John Smith (December 21, 1752 – April 30, 1809) was a professor at Dartmouth College and the author of the first unpointed Hebrew grammar book published in the United States.

Smith was born in Byfield, Massachusetts. After graduating from Dartmouth, he moved to West Hartford, Connecticut, and became a pastor. In 1777, he returned to Dartmouth as a professor in of English, Greek, Latin, Hebrew and Aramaic.

Smith arrived in Hanover in 1771 after graduating from Byefield Academy where he had studied under the classical scholar Samuel Moody. He was admitted to the junior class and graduated in 1773.  He then studied divinity under Dartmouth President Eleazar Wheelock while serving as tutor in ancient languages for the freshman and sophomore classes.  In 1776 he was granted the degree of Master of Arts. He was then appointed Dartmouth's first professor in November 1777.  The agreement between Eleazar Wheelock and John Smith was written in November 1777 and amended by Dartmouth's Trustees in August 1778.

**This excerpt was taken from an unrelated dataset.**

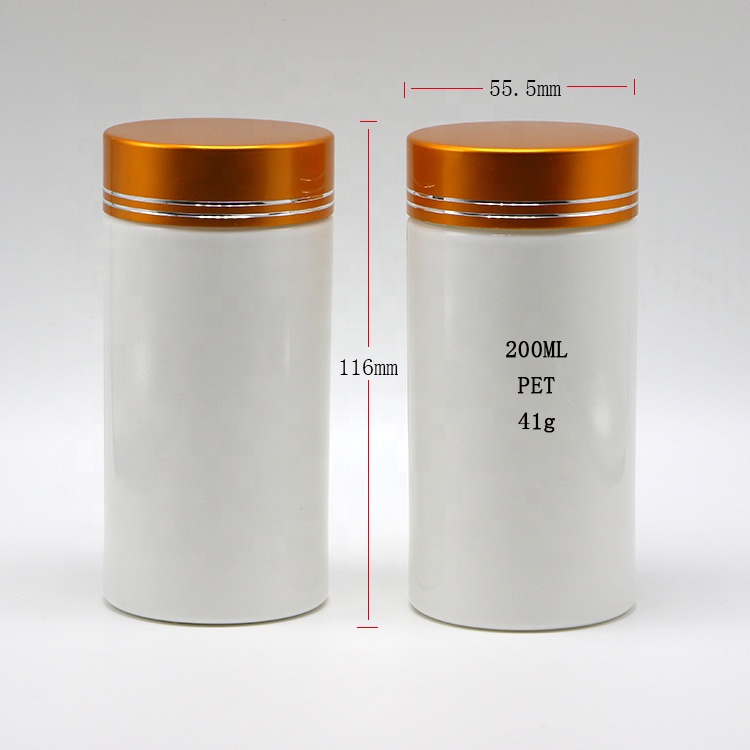PE Plastic 200mL Straight Cylinder Shape Medicine Pharmacy Bottles with Aluminum Lids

From his early interest in Greek and Latin, he soon proceeded to master Hebrew, Chaldaic, Arabic and other oriental languages. In 1780 he also prepared an interesting set of lectures on Natural Philosophy covering Newtonian astronomy and earth science, in which he speculated on the possibility of multiple peopled worlds and the origin of the Indians.  These lectures seem to have stimulated his students Solomon Spaulding and Ethan Smith to further speculate on the later subject.

In 1779 Smith also was appointed college librarian.  After the death of Professor of Divinity Sylvanus Ripley in 1787, he absorbed Ripley's duties.  In 1788 Smith was also appointed to the Board of Trustees.  He also was pastor of the College Church and led the daily chapel sessions.

In the late 1790s and early 19th century he prepared a remarkable set of theological lectures that covered various aspects of the details of his Armininan (free will), non Calvinist thinking.  All of his published grammars and unpublished lectures and grammars can be found in the Rauner Special collections library at Dartmouth.

His theological work was so appreciated by the Freewill Baptists at Brown that he was granted a Doctor of Divinity degree in 1803. He was in the final stages of preparing his theology lectures for publication in 1809 when he died.  His work generally anticipated the efforts of Joseph Smith's development of Mormon doctrine.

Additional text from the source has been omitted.